### Exercise input

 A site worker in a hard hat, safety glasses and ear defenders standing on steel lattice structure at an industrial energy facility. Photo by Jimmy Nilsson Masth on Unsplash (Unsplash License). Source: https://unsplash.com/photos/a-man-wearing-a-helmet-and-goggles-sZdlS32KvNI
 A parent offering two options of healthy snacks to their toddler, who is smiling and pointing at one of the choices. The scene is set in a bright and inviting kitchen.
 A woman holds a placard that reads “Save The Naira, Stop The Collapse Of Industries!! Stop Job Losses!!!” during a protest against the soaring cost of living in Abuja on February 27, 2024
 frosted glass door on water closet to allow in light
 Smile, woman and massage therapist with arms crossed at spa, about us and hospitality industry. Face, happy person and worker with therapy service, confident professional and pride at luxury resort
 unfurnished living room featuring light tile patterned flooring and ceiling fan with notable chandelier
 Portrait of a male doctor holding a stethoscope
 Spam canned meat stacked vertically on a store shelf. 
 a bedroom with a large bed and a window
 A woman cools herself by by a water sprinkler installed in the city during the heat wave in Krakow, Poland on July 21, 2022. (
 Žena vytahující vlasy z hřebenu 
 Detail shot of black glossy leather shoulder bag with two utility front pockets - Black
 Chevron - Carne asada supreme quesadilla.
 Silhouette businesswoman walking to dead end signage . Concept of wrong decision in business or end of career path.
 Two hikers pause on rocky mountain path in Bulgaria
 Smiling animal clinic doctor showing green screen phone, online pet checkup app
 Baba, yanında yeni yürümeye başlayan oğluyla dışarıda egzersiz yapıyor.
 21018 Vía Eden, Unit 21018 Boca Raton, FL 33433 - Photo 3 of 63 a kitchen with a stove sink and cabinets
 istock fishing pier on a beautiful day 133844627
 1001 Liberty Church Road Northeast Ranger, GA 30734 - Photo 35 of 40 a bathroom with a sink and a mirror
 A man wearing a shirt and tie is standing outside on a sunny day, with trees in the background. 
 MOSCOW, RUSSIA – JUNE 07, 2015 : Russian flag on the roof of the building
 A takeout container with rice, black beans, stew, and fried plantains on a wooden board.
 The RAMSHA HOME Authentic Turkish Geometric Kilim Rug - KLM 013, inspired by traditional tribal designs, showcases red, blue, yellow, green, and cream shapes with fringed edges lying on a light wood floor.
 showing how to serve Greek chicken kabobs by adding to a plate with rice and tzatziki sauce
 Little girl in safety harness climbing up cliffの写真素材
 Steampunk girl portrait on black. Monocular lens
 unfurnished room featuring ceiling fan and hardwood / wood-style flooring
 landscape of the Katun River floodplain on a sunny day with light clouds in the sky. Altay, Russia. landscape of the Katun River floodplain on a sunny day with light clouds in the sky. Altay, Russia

######

Note each line of the material holding "rice" and copy it out.

 A takeout container with rice, black beans, stew, and fried plantains on a wooden board.
 showing how to serve Greek chicken kabobs by adding to a plate with rice and tzatziki sauce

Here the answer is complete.